Bloomberg — The numbers sound almost implausible. As Brazilian consumers fall behind on debts and rattle a slew of financial-technology startups in Latin America’s largest economy, one venture keeps notching ever higher.
Nu Holdings Ltd. now has reeled in enough customers — more than 85 million and counting — to rank among Latin America’s largest financial firms. The online bank and credit-card issuer, with early backers including Warren Buffett’s Berkshire Hathaway Inc., has watched its stock soar more than 90% this year, for a market value 200 times greater than its most recent 12-month reported profits. And to protect earnings, the firm has boosted rates on its cards — in some cases touching 790%.
Welcome to Latin America’s fintech shakeout, where economic turmoil is threatening to upend thousands of startups across the continent and leaving relatively few to dominate. It’s a swift turn in a decade-long rush by venture capitalists into the region, speeding up the process of deciding winners and losers.
Nubank is among a handful of platforms, such as Mercado Pago, the fintech arm of e-commerce giant MercadoLibre Inc., that have managed to reach critical mass and stay ahead of the economic quakes. Others are merging to strengthen their position in the market. Many more are cutting workers, shelving ambitions or in some cases selling assets, going dormant or shutting down.
In one of the starkest signs yet of the shakeout, a report to be published by data provider Distrito later this month shows the number of fintechs being launched has plummeted in Latin America to just a half-dozen this year — down from a peak of 290 in 2018.
“When there is less capital available there are fewer fintechs born,” said Distrito Chief Executive Officer Gustavo Araujo. “Before, with interest rates close to zero, investors wanted growth at any cost. Now, with higher rates, investors are seeking healthy companies capable of expanding in a sustainable way.”
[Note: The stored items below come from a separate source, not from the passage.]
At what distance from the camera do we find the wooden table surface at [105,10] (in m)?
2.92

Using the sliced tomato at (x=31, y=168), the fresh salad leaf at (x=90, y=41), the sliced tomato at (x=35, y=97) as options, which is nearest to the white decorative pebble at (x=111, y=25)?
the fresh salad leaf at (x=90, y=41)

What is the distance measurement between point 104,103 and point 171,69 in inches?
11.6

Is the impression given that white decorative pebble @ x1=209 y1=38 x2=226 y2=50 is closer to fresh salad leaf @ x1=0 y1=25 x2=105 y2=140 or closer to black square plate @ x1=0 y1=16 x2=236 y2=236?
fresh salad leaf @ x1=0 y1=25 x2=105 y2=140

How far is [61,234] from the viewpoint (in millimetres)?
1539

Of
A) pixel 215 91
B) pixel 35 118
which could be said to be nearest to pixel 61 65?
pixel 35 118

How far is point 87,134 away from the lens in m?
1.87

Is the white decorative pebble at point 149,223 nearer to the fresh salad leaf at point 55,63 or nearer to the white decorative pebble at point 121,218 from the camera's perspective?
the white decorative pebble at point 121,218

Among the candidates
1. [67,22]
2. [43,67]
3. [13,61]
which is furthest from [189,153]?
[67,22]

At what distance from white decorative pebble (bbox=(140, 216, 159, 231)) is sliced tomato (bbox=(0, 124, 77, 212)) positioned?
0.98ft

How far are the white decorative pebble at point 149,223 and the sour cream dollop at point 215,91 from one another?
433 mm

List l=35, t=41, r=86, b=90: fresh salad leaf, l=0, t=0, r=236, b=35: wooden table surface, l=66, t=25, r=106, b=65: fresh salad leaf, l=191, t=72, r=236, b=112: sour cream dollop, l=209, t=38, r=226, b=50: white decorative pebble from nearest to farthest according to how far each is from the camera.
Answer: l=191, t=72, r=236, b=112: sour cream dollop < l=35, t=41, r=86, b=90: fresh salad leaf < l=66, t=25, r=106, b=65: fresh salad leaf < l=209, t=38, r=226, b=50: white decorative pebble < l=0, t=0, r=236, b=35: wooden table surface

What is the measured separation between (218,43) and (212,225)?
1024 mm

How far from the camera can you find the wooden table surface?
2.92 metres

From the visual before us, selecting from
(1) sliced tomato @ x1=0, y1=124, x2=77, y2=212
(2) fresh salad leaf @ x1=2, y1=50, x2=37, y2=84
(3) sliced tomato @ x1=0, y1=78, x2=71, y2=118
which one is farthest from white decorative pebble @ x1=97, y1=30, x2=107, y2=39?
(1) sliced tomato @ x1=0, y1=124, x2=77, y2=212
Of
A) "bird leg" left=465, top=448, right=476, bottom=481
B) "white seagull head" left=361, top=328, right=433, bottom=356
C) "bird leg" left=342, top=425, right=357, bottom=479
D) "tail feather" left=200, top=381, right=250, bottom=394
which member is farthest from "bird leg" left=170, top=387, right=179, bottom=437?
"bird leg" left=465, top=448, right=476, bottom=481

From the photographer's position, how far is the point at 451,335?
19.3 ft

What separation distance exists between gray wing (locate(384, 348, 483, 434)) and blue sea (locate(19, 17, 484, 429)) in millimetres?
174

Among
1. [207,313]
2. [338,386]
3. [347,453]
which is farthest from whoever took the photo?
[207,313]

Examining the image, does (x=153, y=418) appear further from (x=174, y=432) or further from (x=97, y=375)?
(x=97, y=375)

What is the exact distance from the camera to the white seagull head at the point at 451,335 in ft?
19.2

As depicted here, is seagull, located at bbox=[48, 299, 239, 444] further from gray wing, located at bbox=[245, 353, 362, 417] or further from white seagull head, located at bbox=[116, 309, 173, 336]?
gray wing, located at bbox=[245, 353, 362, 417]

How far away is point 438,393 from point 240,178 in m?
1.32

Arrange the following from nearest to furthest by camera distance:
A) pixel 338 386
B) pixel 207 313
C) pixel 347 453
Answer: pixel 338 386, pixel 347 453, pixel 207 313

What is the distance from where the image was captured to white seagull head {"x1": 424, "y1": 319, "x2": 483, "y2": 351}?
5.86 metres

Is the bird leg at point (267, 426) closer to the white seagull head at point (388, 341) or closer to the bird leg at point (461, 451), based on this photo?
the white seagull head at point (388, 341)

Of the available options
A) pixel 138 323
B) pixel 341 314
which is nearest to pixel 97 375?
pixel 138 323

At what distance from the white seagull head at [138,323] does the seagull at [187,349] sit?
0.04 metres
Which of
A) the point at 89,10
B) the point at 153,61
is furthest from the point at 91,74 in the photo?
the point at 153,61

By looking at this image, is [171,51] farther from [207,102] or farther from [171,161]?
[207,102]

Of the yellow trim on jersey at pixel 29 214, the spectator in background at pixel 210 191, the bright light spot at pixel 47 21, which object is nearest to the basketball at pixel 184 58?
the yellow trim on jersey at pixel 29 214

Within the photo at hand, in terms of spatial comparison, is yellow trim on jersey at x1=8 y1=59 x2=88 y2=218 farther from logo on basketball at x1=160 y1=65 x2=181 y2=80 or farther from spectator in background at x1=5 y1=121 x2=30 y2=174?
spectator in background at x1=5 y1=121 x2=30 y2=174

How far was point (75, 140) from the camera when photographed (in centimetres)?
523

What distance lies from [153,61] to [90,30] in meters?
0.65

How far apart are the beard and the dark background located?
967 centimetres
Even then, there are mounting questions among analysts over whether the biggest fintechs can maintain their eye-popping profitability and continue to expand.
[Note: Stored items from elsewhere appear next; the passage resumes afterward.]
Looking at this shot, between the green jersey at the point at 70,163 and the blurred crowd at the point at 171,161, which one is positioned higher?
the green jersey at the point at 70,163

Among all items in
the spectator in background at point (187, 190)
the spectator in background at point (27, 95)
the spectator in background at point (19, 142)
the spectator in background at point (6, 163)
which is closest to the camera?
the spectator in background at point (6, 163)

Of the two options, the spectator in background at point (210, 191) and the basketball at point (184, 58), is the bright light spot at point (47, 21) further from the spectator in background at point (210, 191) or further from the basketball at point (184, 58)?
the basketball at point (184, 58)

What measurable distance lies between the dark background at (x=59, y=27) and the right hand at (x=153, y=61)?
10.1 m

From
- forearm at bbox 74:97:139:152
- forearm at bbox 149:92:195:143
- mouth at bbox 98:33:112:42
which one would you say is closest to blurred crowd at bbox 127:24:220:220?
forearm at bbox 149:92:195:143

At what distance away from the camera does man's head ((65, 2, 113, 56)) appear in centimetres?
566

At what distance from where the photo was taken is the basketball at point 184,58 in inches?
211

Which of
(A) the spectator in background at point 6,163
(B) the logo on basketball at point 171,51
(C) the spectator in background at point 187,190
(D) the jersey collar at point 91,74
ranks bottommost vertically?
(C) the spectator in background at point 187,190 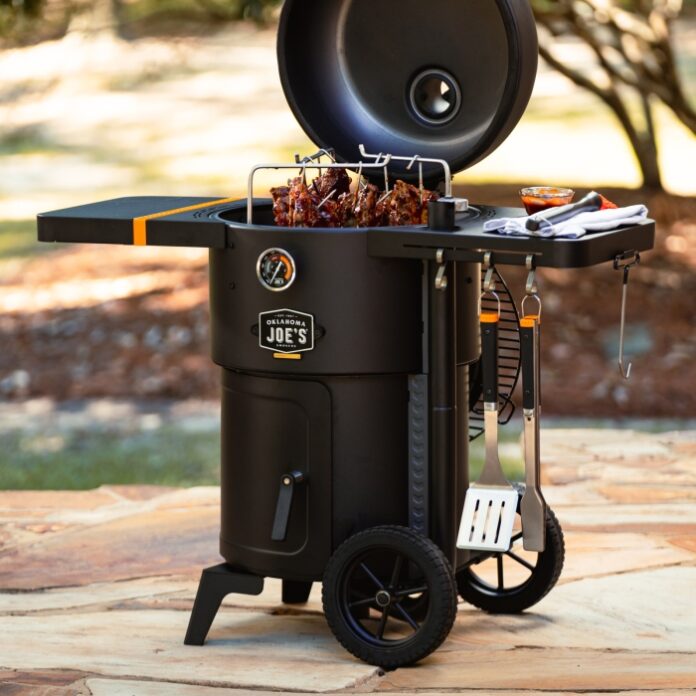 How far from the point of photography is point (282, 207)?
3939 mm

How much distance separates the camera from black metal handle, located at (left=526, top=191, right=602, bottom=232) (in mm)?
3416

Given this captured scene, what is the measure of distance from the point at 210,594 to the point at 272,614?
0.32 m

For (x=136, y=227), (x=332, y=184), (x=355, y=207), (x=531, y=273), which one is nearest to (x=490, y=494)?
(x=531, y=273)

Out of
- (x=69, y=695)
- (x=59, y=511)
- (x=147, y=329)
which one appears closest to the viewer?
(x=69, y=695)

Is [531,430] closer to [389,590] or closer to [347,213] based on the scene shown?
[389,590]

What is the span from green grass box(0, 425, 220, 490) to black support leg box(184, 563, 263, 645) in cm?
210

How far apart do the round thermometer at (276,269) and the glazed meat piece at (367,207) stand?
0.32 meters

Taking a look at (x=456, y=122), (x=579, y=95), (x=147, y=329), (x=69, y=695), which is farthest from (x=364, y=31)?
(x=579, y=95)

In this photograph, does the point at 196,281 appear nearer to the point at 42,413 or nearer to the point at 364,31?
the point at 42,413

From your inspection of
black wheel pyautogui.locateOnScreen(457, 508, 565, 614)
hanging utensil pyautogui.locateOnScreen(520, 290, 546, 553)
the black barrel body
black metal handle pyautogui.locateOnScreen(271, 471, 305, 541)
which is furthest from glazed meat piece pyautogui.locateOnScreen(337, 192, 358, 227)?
black wheel pyautogui.locateOnScreen(457, 508, 565, 614)

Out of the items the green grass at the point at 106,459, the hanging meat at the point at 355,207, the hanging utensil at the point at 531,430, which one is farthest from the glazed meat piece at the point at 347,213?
the green grass at the point at 106,459

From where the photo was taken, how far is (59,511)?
5.32 meters

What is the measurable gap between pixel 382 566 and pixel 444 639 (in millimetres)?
237

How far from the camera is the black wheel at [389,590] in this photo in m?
3.63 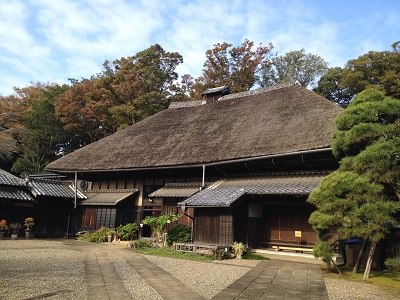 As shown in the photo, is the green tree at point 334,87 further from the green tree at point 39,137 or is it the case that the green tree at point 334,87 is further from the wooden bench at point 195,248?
the green tree at point 39,137

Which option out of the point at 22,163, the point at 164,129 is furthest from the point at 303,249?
the point at 22,163

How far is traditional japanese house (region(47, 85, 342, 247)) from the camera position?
41.2 ft

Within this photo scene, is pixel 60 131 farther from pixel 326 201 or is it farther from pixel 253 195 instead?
pixel 326 201

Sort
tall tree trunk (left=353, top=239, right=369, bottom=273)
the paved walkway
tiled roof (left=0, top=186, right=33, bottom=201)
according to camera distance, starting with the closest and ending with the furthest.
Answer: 1. the paved walkway
2. tall tree trunk (left=353, top=239, right=369, bottom=273)
3. tiled roof (left=0, top=186, right=33, bottom=201)

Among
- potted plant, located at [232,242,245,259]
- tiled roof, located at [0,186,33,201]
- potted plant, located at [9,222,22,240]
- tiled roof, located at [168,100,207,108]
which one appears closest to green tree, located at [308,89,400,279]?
potted plant, located at [232,242,245,259]

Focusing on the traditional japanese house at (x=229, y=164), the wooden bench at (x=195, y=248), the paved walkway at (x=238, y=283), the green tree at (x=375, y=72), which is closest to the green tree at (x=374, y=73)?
the green tree at (x=375, y=72)

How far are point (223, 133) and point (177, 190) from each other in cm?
369

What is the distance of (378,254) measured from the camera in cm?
937

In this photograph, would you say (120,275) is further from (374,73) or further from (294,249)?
(374,73)

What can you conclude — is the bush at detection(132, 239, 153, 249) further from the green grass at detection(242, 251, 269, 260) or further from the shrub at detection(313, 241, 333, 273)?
the shrub at detection(313, 241, 333, 273)

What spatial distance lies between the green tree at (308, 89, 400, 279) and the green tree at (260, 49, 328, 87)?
1011 inches

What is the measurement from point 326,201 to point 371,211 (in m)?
1.09

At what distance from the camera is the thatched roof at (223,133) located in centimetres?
1359

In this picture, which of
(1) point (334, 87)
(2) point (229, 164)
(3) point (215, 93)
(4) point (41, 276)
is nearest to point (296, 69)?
(1) point (334, 87) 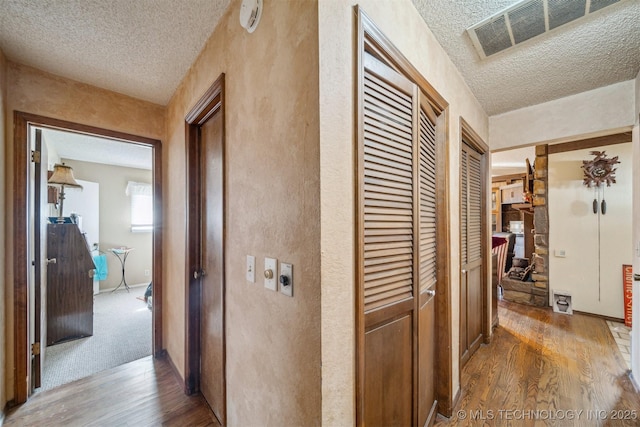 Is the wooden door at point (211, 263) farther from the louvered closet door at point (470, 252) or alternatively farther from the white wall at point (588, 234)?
the white wall at point (588, 234)

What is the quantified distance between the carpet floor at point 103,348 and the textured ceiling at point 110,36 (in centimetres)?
242

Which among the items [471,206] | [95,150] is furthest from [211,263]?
[95,150]

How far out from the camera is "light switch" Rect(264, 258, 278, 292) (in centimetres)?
96

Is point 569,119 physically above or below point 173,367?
above

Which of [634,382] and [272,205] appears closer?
[272,205]

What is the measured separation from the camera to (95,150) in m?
3.77

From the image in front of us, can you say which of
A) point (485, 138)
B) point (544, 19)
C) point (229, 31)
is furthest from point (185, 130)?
point (485, 138)

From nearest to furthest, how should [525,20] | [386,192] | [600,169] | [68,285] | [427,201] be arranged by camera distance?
[386,192] → [525,20] → [427,201] → [68,285] → [600,169]

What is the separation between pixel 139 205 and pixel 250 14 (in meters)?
5.22

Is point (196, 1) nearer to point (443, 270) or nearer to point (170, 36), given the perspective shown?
point (170, 36)

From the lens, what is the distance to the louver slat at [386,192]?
998mm

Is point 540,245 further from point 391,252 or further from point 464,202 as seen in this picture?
point 391,252

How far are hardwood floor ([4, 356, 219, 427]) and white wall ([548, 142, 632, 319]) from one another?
4538mm

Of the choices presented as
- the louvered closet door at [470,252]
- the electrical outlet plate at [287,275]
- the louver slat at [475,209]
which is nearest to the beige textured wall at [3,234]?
the electrical outlet plate at [287,275] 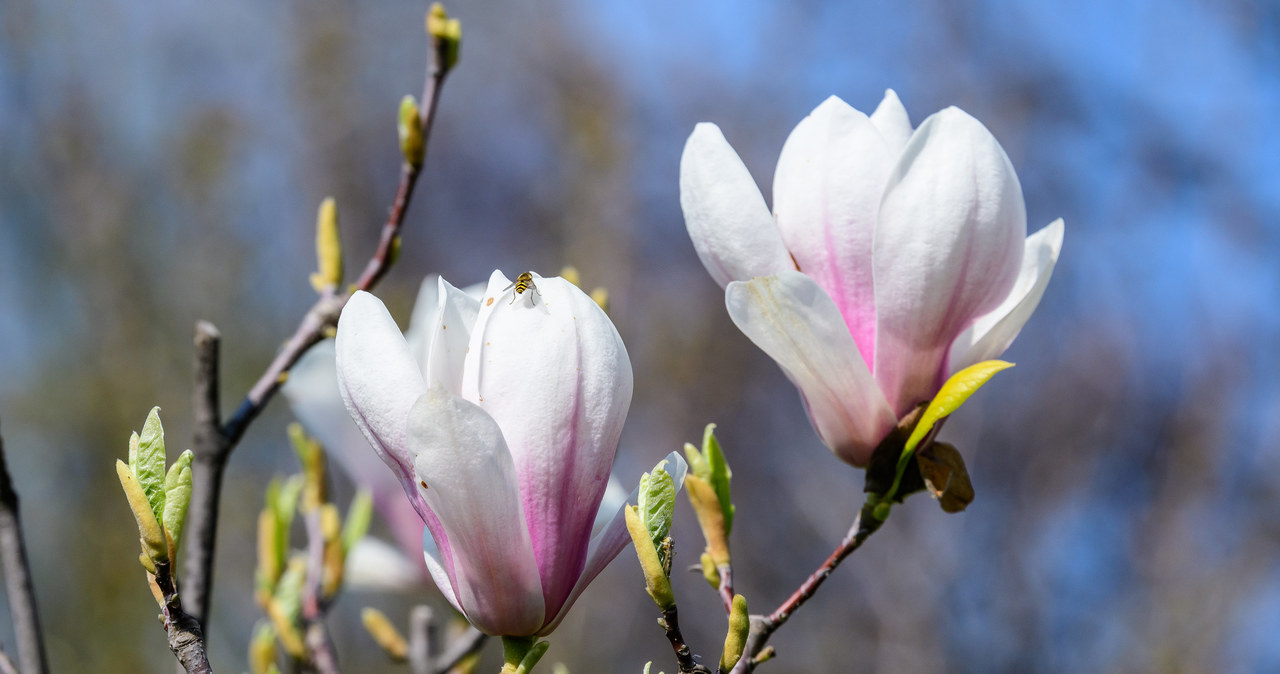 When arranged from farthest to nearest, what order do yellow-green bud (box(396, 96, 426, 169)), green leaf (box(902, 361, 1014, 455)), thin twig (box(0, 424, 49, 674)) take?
yellow-green bud (box(396, 96, 426, 169))
thin twig (box(0, 424, 49, 674))
green leaf (box(902, 361, 1014, 455))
Startups that got going by catering to poor people are likely to run into stiffer competition as they try to woo middle-class customers away from traditional banks. In other major markets, such as Mexico and Colombia, there are now ample competitors and tighter credit spreads.
And in Brazil almost 72 million people were late on debt payments at the end of June. Lenders have compensated for that by boosting interest they levy on loans. By the middle of that month, average rates on revolving credit-card lines reached almost 350% at Nubank and 560% at Mercado Pago, according to the central bank. Rates for individual borrowers can vary widely, and in some cases are hundreds of percentage points higher.
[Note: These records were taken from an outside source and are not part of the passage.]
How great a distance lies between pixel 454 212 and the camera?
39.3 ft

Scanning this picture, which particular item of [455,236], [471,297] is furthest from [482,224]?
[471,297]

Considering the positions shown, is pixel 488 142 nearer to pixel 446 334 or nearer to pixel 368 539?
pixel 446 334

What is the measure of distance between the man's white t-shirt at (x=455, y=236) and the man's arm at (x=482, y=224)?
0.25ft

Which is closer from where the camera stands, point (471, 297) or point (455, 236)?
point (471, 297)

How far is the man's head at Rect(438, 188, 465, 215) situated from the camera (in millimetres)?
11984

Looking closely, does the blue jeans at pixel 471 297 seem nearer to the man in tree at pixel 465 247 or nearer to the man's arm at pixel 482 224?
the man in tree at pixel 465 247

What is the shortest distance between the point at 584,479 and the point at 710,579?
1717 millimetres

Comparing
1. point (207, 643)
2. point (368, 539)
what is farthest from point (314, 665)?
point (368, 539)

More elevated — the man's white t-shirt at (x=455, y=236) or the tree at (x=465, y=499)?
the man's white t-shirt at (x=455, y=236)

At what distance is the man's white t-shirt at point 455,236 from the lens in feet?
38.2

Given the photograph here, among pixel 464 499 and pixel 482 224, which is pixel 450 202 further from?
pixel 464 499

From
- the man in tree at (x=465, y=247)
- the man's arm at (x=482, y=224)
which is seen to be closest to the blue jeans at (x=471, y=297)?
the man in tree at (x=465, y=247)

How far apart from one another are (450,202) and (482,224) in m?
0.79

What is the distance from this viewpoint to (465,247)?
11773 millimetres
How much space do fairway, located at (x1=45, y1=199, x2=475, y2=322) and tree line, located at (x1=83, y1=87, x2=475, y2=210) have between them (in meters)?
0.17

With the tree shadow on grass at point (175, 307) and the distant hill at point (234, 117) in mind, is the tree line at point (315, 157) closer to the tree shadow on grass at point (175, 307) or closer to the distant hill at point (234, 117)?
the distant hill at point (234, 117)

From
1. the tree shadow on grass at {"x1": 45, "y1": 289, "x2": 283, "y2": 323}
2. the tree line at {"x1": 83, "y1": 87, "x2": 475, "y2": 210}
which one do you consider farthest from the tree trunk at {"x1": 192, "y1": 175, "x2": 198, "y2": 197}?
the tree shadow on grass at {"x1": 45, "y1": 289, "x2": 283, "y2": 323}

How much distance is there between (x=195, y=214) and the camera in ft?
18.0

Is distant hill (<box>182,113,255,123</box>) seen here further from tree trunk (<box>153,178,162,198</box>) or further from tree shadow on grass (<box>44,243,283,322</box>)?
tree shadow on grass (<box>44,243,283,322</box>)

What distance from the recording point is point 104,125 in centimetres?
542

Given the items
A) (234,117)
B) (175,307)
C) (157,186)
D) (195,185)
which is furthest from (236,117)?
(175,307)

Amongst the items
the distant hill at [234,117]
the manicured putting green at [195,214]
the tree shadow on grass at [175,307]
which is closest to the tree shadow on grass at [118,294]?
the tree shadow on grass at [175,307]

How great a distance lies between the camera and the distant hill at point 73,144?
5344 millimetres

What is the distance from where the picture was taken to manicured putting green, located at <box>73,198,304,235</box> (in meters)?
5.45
That’s fueling a political debate.
Card rates are “stratospheric,” Finance Minister Fernando Haddad complained earlier this year, floating the possibility of imposing a cap. Nubank and traditional banking rivals were initially able to quell that discussion, saying it’s the only way lenders can keep credit available in the current environment. But last week Haddad brought up the issue again, calling the charges “shameful” and promising to take measures.
The conundrum, central bank chief Roberto Campos Neto added Thursday, is that if rates are capped, lenders will close card accounts, potentially slowing spending. “It’s something you know how it starts but not how it ends,” he said.
The reality, according to Nubank Chief Executive Officer David Velez, is that fintechs are forcing banks to lower their fees. He estimates his firm has saved customers 39 billion reais ($8 billion) in what they would have paid otherwise.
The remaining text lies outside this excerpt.